Arcel, que já havia trabalhado com Mikkelsen no excelente O Amante da Rainha, parece ter também sua própria agenda aqui: tratar dos conflitos sociais envolvendo posse de terras, retornando até tempos quase imemoriais. Kahlen quer ordem, De Schinkel quer caos. No meio desse cabo de guerra está uma terra sem dono e sem leis, esperando para ser cultivada e florescer. Um mostra que isso é possível, outro não quer provar nada. O impasse faz com que o crescimento social seja interrompido e ninguém consiga avançar.

Mikkelsen, como sempre, está pleno em cena: ele consegue saltar entre as diferentes abordagens desse pêndulo temático, sempre encontrando a melhor maneira de demonstrar tudo na tela. O bom elenco de apoio o ajuda nessas diferentes facetas no melhor trabalho do ator dinamarquês desde o inesquecível Druk, de 2020, e a cena final onírica de dança.

'O Bastardo' quase se assume como um faroeste dinamarquês Foto: Henrik Ohsten/Divulgação

Muitos podem enxergar O Bastardo como um filme frio – característica evidente nas produções nórdicas.

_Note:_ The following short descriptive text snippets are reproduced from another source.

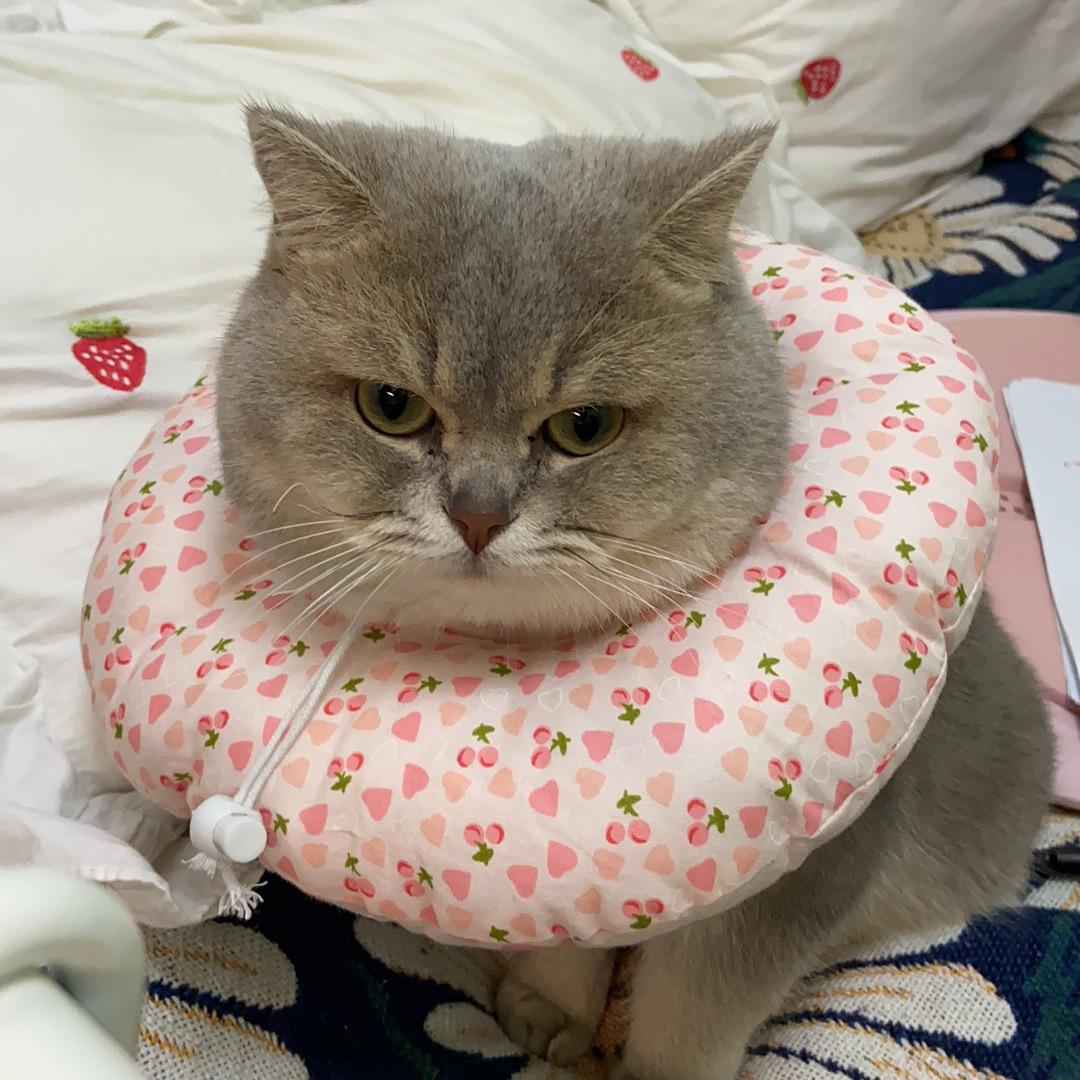 贵贵是只大傻猫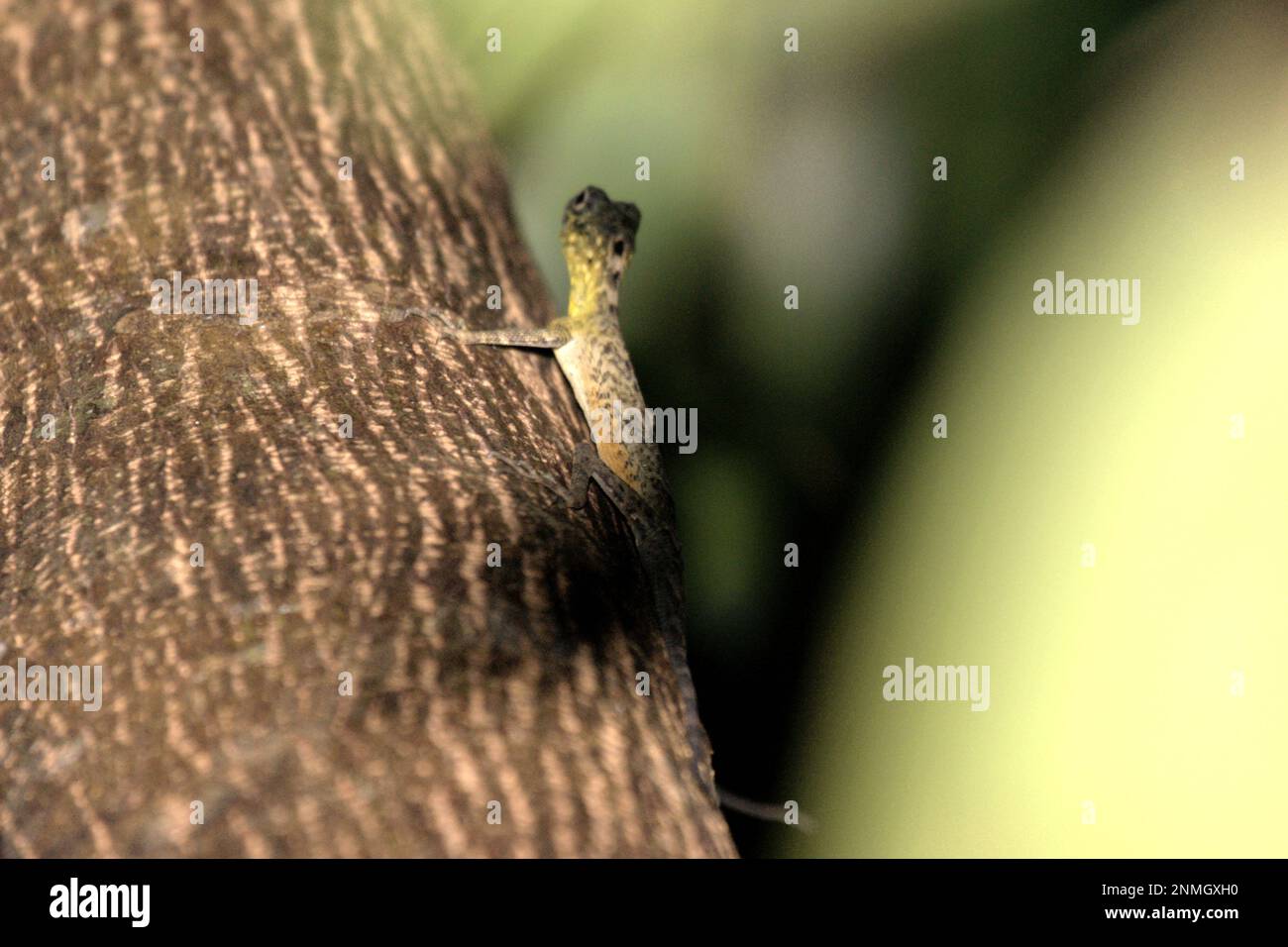 A Sulawesi lined gliding lizard (Draco spilonotus) moving on a tree in Tangkoko Nature Reserves, North Sulawesi, Indonesia. Latest research suggests that reptile richness is likely to decrease significantly across most parts of the world with ongoing future climate change. 'This effect, in addition to considerable impacts on species range extent, overlap and position, was visible across lizards, snakes and turtles alike,' wrote a team of scientists led by Matthias Biber (Department for Life Science Systems, School of Life Sciences, Technical University of Munich, Freising). Stock Photo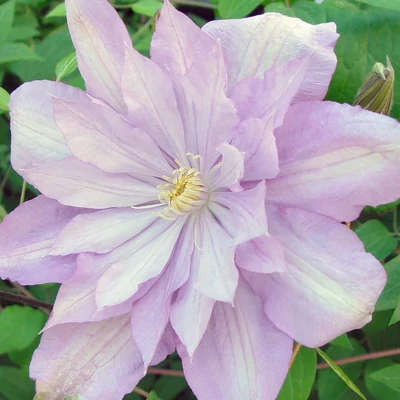 Clematis 'Proteus' – Iszalag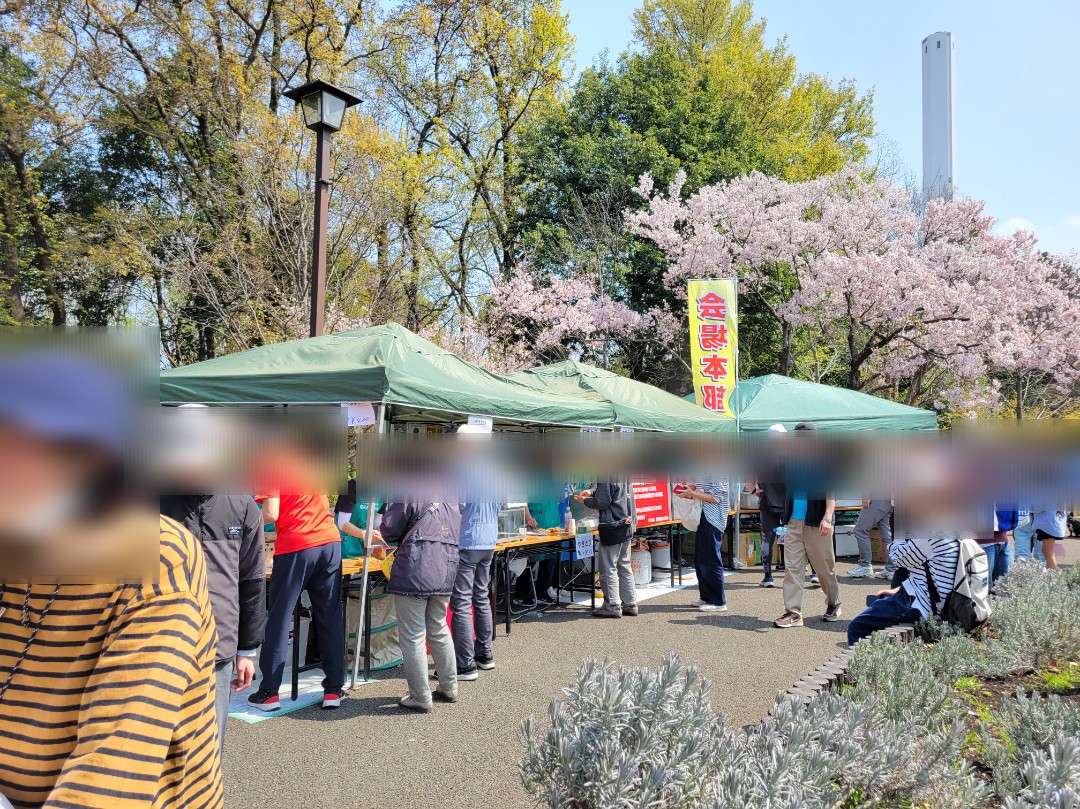 高遠コヒガン桜まつり2026🌸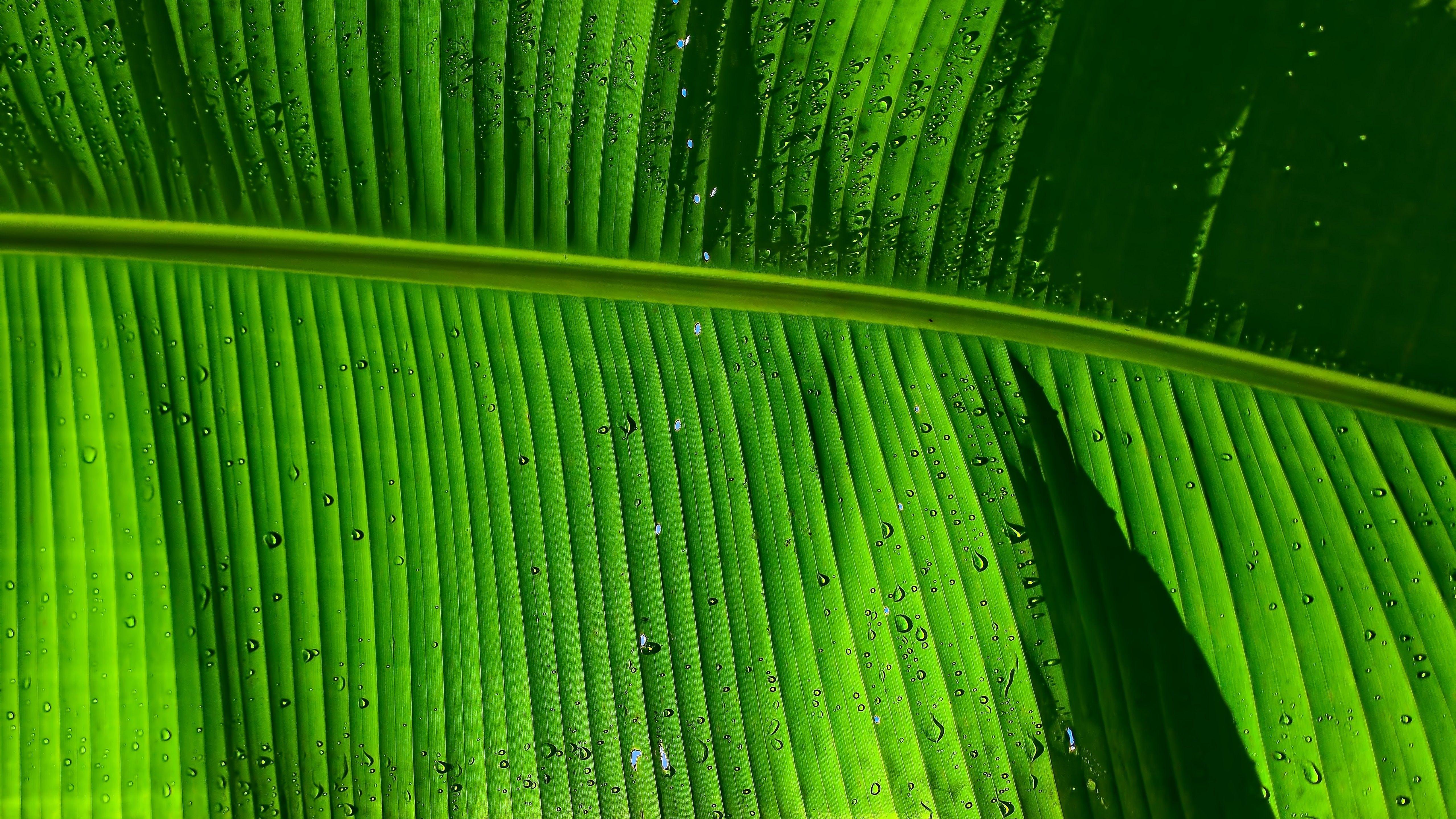 5120x2880 Banana Leaf 4K Wallpaper, Green .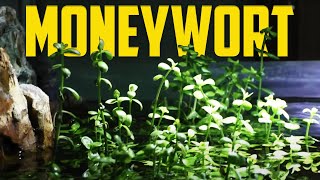 How to Care for Moneywort Bacopa monnieri [upl. by Ybanrab12]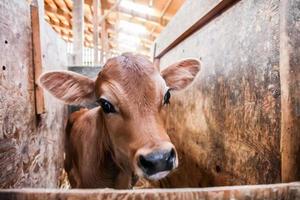 vache laitière dans la grange photo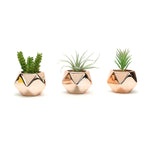 Three copper diamond-shaped ceramic planters each holding a small artificial succulent on a white background
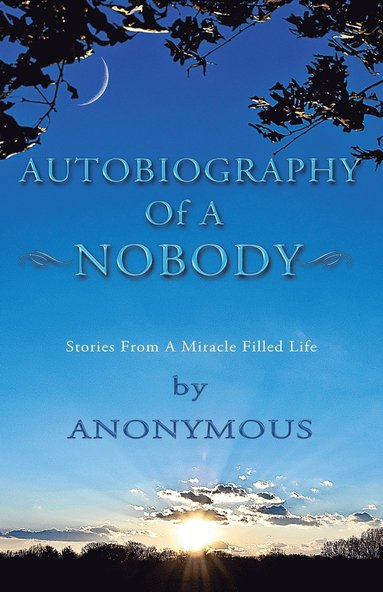 bokomslag Autobiography of a Nobody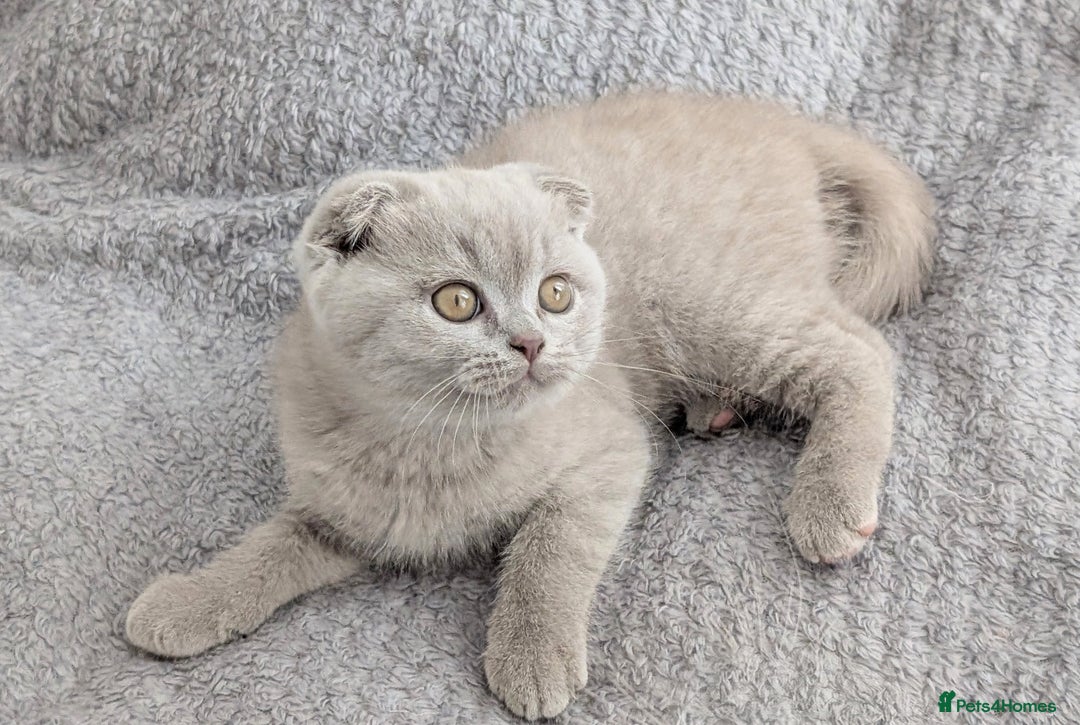 Scottish Fold cats for sale: Scottish fold kittens are looking for family🥰 - Advert 15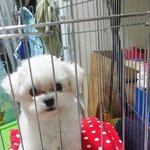 말티즈 <b>메리</b>를 소개합니다2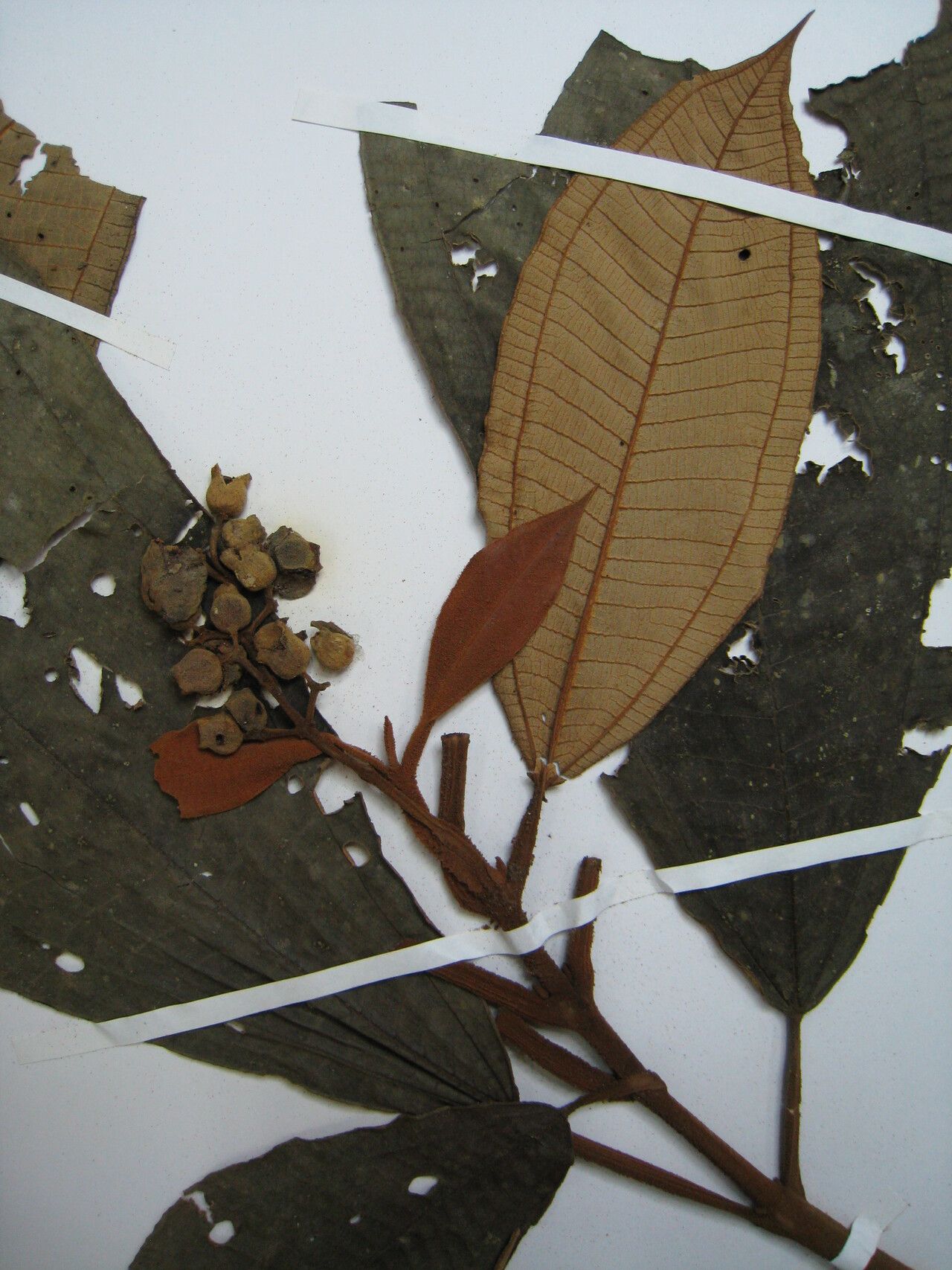 Miconia traillii — houseplant care guide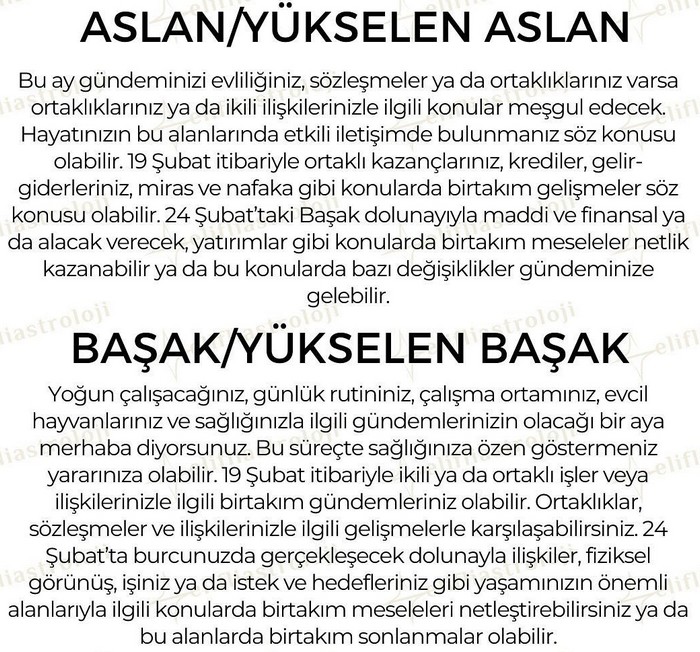 şubat34 (4).jpg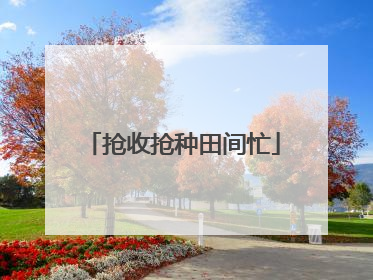 抢收抢种田间忙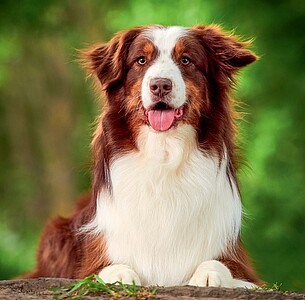 Nástěnný kalendář Dogs 2026 včetně laše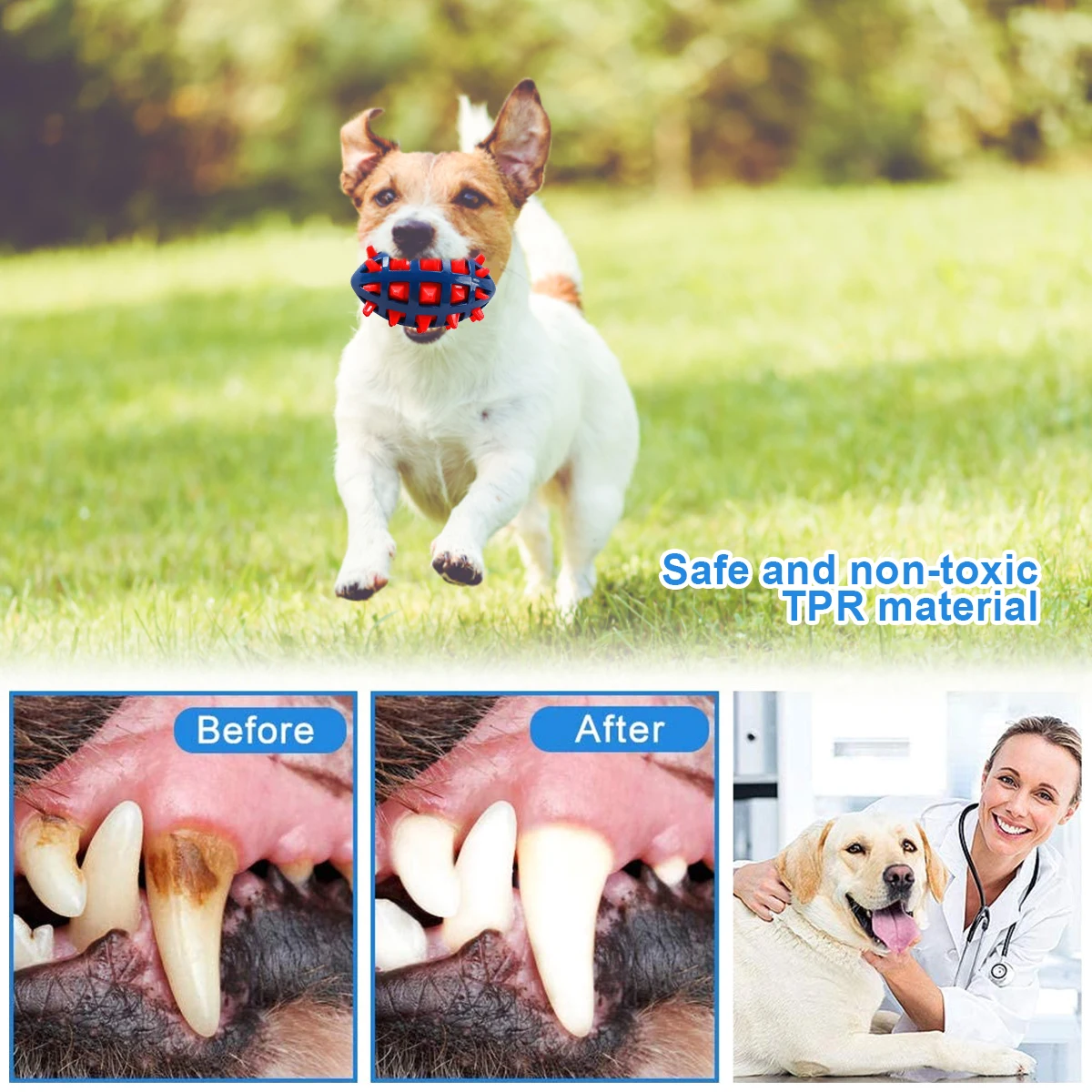 Juguete interactivo para masti - Pet Dental Chew Toy reseña y precio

E é, de fato: Arcel está mais interessado em talhar a narrativa e ter um apuro estético que diga algo do que imprimir emoção aos personagens. Entendemos bem o que quer e o que sente Ludvig Kahlen, mas, ainda assim, não conseguimos senti-lo de fato.

Um problema no filme? Pode ser. Ainda assim, O Bastardo consegue dizer muito nessas mais de duas horas de duração, em uma estrutura narrativa que ousa e, mesmo se passando no século 18 na Dinamarca, pode dizer sobre o que está acontecendo no centro de São Paulo, nas ruas de Los Angeles ou em vários outros lugares do mundo em 2024. Um filme que começa como uma rixa rural e termina, enfim, como um épico, atravessando tempos e histórias.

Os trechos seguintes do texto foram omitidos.